# Problem to work on:
As the output, give exactly the lines that run from the one with "Marquise Brilliant Cut" through the end of the records below, and omit pictures.

Source records
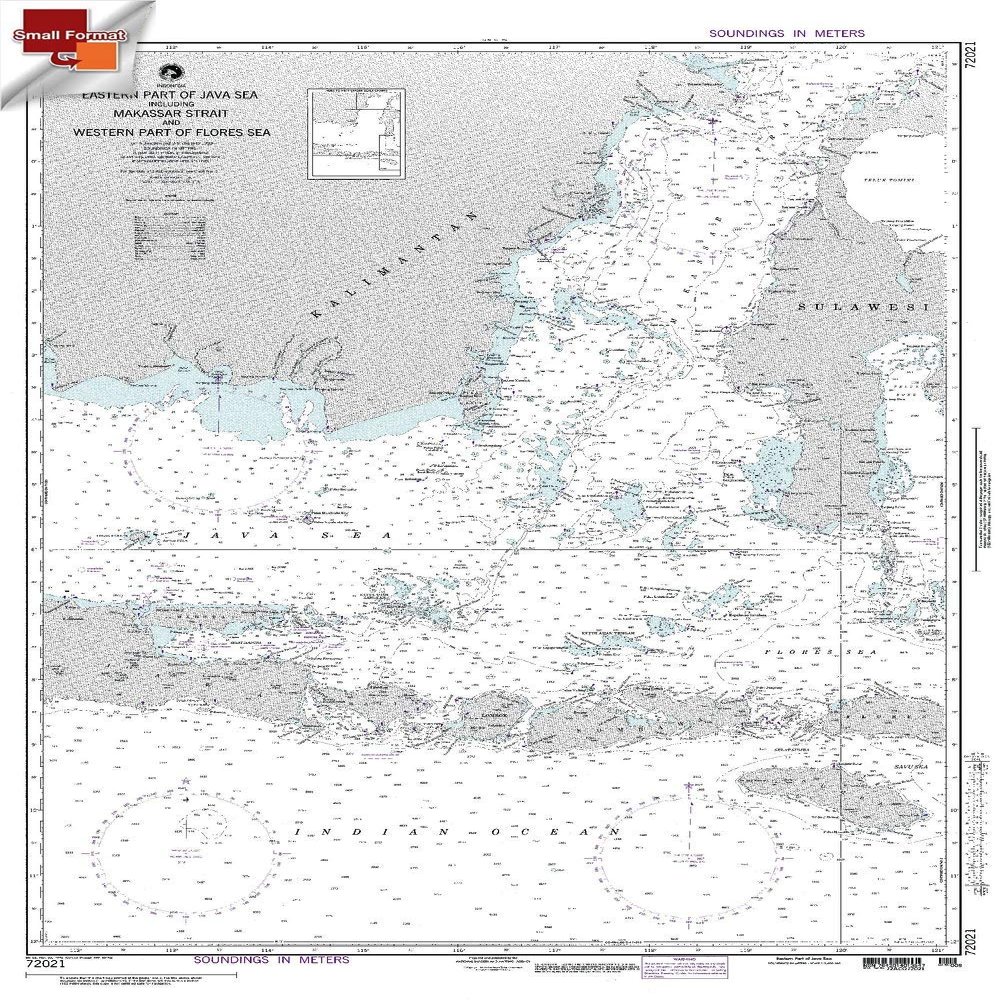 Paradise Cay Publications NGA Chart 72021: Java Sea, Approx. Size 21" x 29" (Small Format Waterproof)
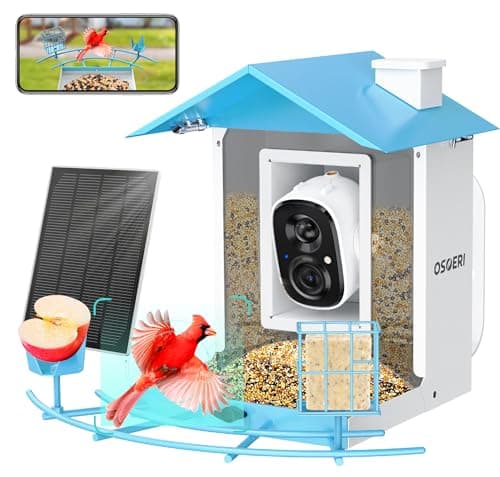Osoeri Bird Feeder with Camera, Smart Bird Feeder Camera with AI Identify, Metal Bird Feeder with Suet Cage & Fruit Fork, Auto Capture Videos & Motion Detection, Ideal Gift for Bi rd Lovers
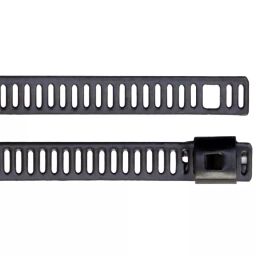 RS PRO Cable Tie Ladder 225x7 mm Black Polyester Coated Stainless Steel, 121652 (Bag of 100)-image-0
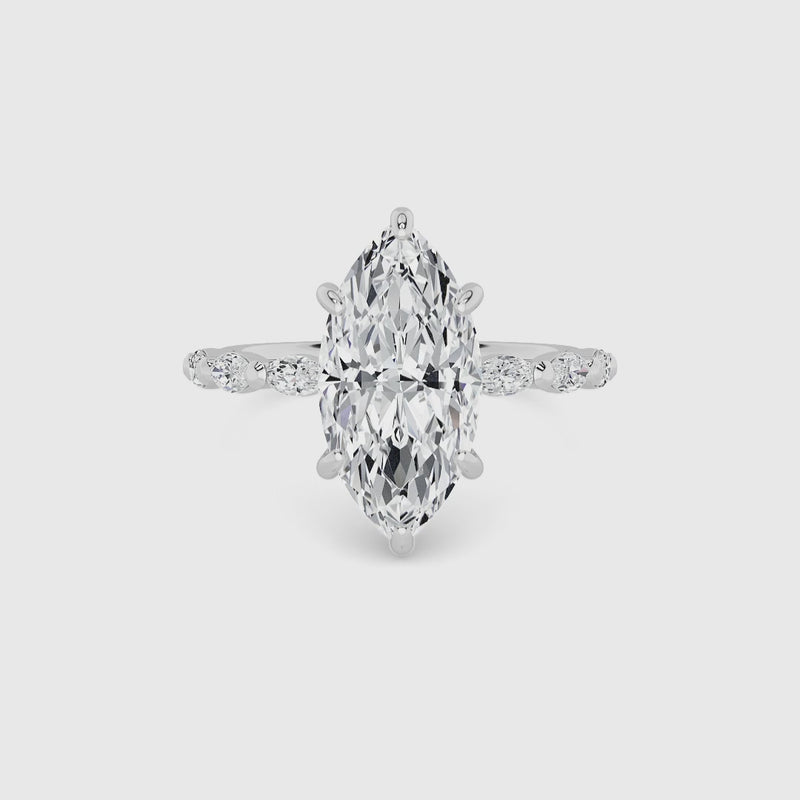 Marquise Brilliant Cut Marquise Diamond Band Lab Diamond Engagement Ring (1.00ct+)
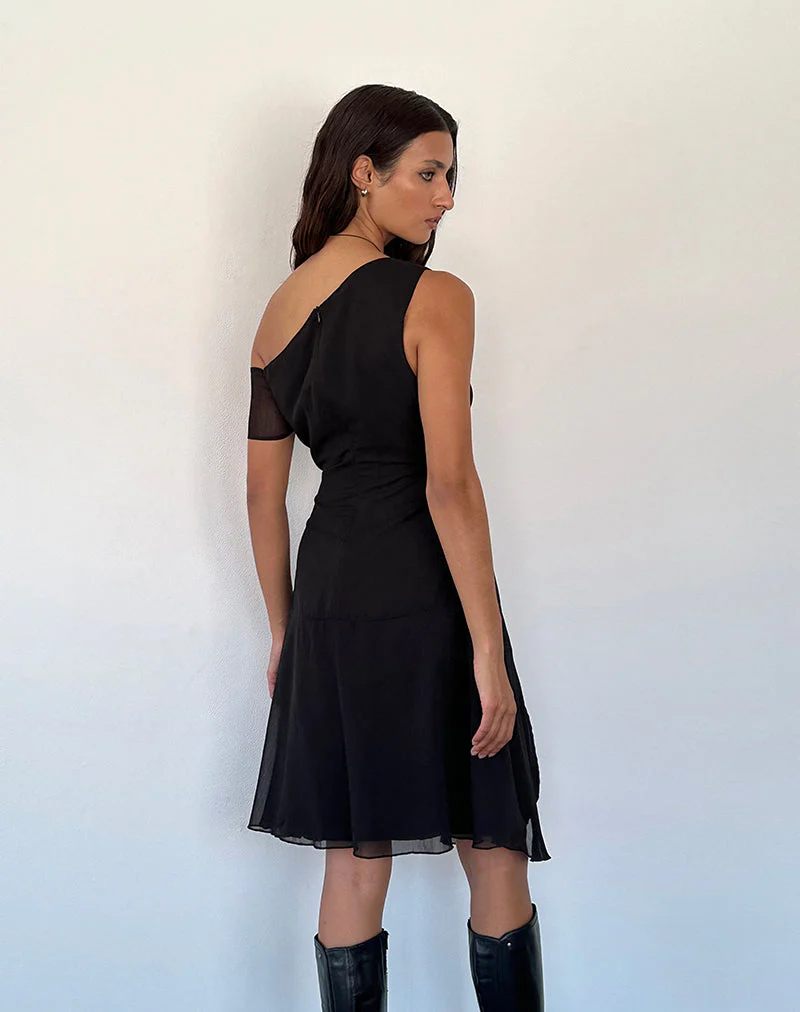 Carissa One Shoulder Chiffon Midi Dress in Black - Image 5
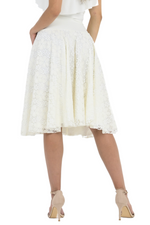 Load image into Gallery viewer, White Floral Lace Full Swing Midi Skirt
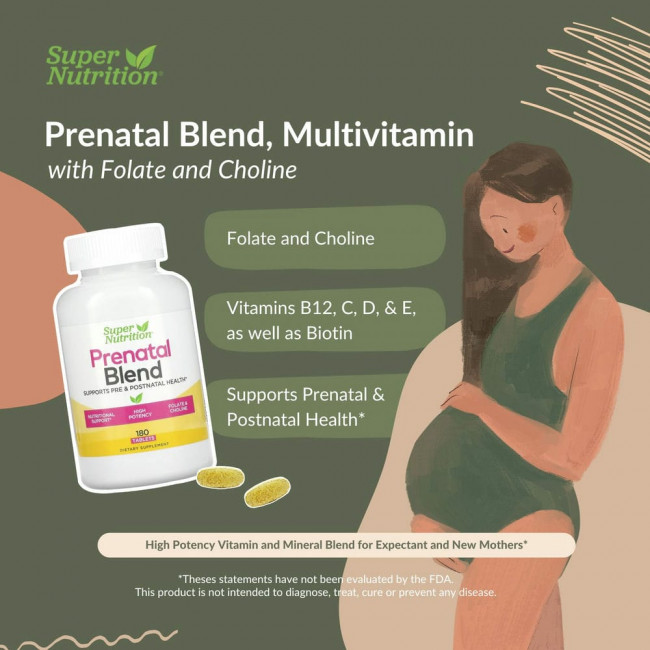 Super Nutrition, Смесь PreNatal, 180 таблеток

# Finished task:
 Marquise Brilliant Cut Marquise Diamond Band Lab Diamond Engagement Ring (1.00ct+)
 Carissa One Shoulder Chiffon Midi Dress in Black - Image 5
 Load image into Gallery viewer, White Floral Lace Full Swing Midi Skirt
 Super Nutrition, Смесь PreNatal, 180 таблеток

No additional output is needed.